Well, I thought, here’s a novel way to begin the new century.
Then I remembered the evening before and felt rather sick. I wondered where Richard was in this huge house and how we were meant to swap back. Everyone else here – the man beside me included – was far more experienced in the mechanics of these matters than I. Than we. Much as Richard bluffed last night, he was just as much in the dark as me, though he was more keen. Much more keen. It made me wonder.
I nudged the sleeper with my elbow, gently at first and then harder until at last he woke with a snort.
‘Out you go,’ I said. And he did, without a murmur. Thankfully he didn’t try to kiss me. How I stood that beard last night I’ll never remember – the claret helped, I suppose. My cheeks are red with scratches.
When Richard came in a few minutes later, clutching his clothes in a bundle, I could barely look at him. I was embarrassed, and angry too – angry that I should feel embarrassed and yet not expect him to feel so as well. It was all the more infuriating that he simply kissed me, said, ‘Hello, darling,’ and began to dress. I could smell her perfume on his neck.

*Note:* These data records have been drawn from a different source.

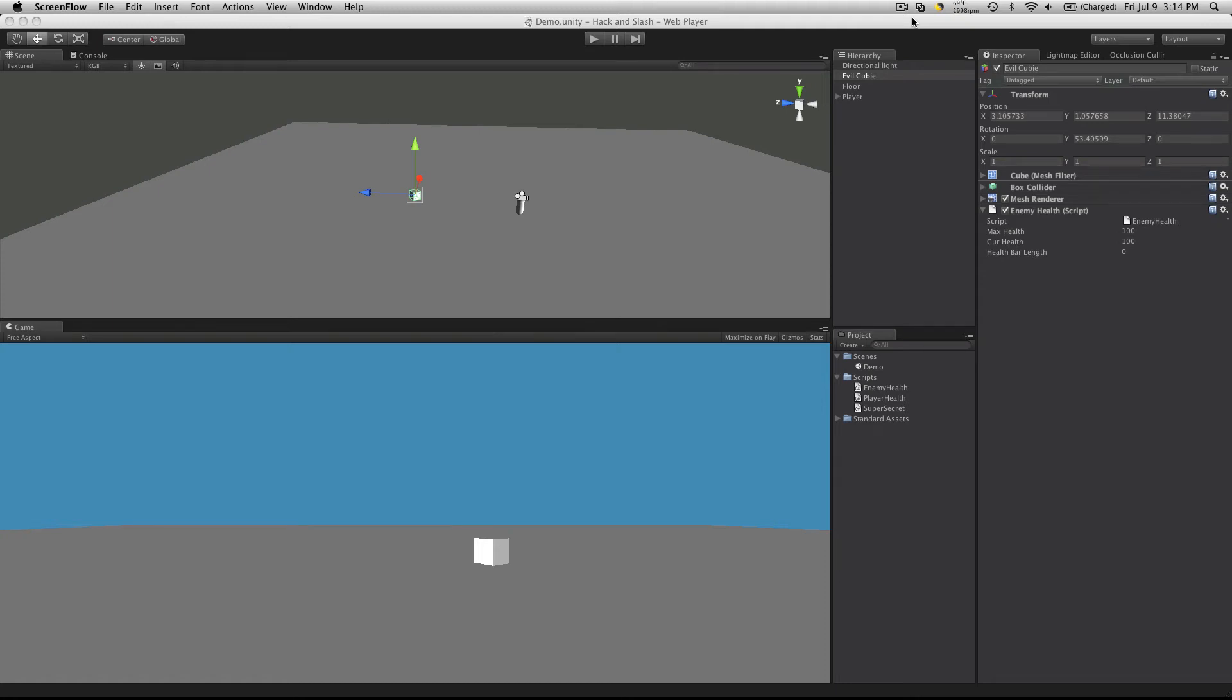Hi this is PD at BergZergArcade at BergZergArcade.com and today we're going to go on to part 3 of our little hack and slash tutorial.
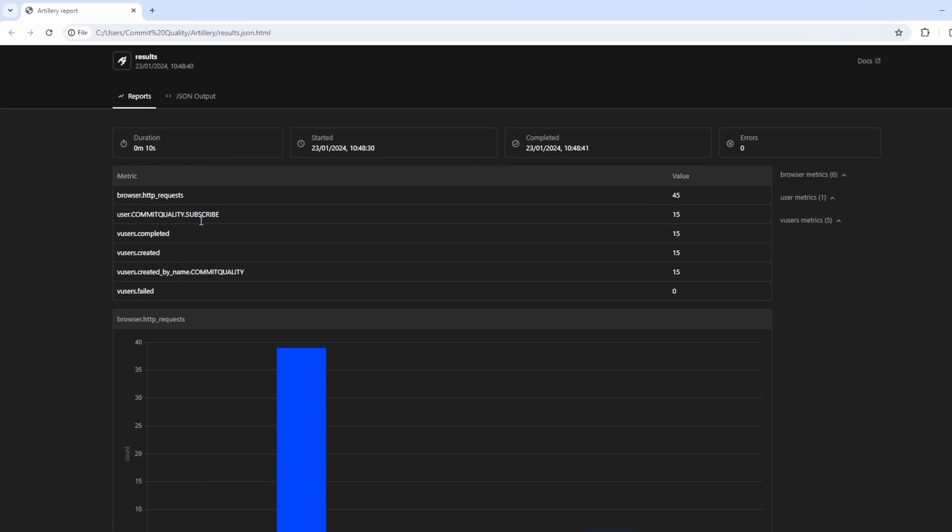Now then, we've got this lovely report, which is a lot easier to see. You can see the duration of how everything took, when it started, completed, if we had any errors.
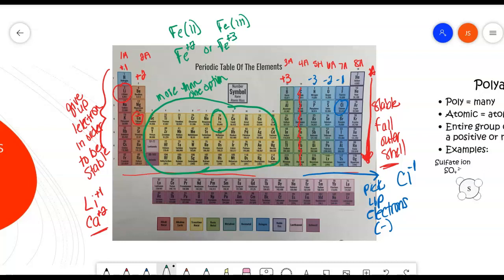The charge that an element has is really important when we start talking about how they bond with each other, because we need compounds that are going to be electrically neutral. So if I have a plus 1 in one element, I need to make sure that the element it's joining with has the same charge, or that the charge evens out.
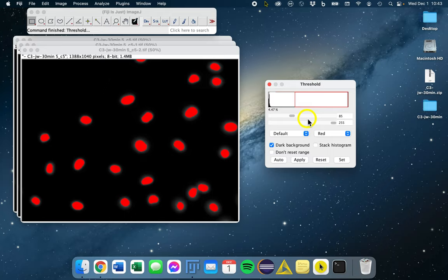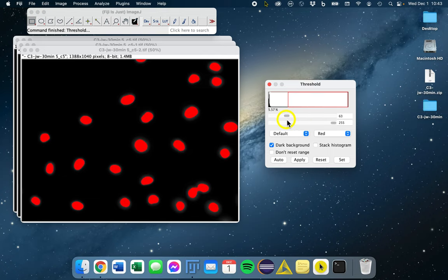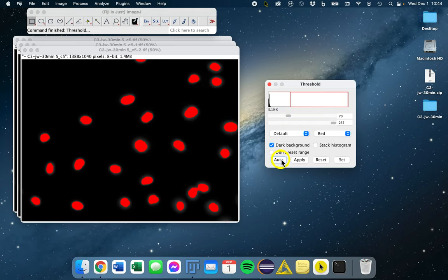It's better to use an auto thresholding method for reproducibility sake. You could introduce bias, and if you threshold each image in your analysis differently, that's not reproducible at all. So you want to use an auto method.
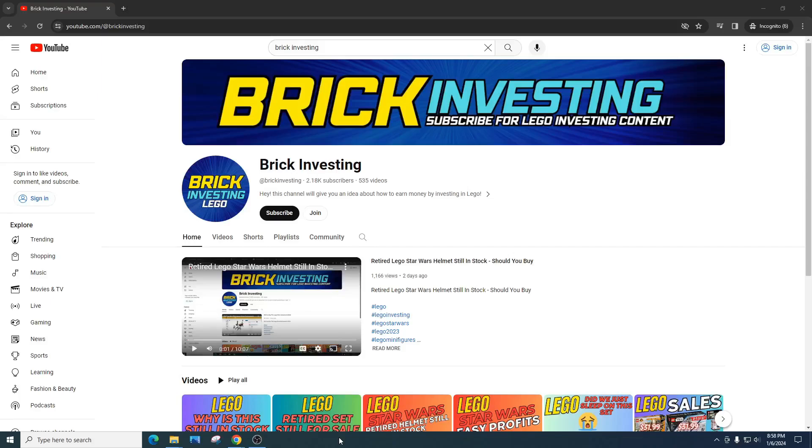What is going on LEGO investors? Today we're going to do a retirement checkup on a LEGO Star Wars battle pack. Battle packs are extremely popular for LEGO investing.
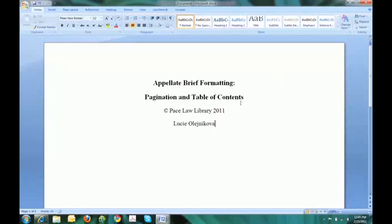Hello, this is Lucia from the Pace Law Library. This is a demo on how to format your appellate brief.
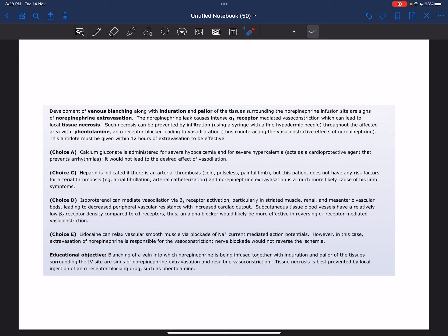Phentolamine is an alpha receptor blocker leading to vasodilation, thus counteracting the vasoconstrictive effects of norepinephrine. This antidote must be given within 12 hours of extravasation to be effective.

Yet I could say nothing. As I myself have so often said, I am open-minded – I pride myself on it. Those words bite now.
I lay watching Richard dress, and found myself thinking of my brother. Harry always used to tease me for thinking too much – though he refused to concede that he was at all responsible for encouraging me. But all those evenings spent reviewing with me what his tutors had taught him in the morning – he said it was to help him remember it – what did that do but teach me to think and speak my mind? Perhaps he regretted it later. I shall never know now. I am only just out of mourning for him, but some days it feels as if I am still clutching that telegram.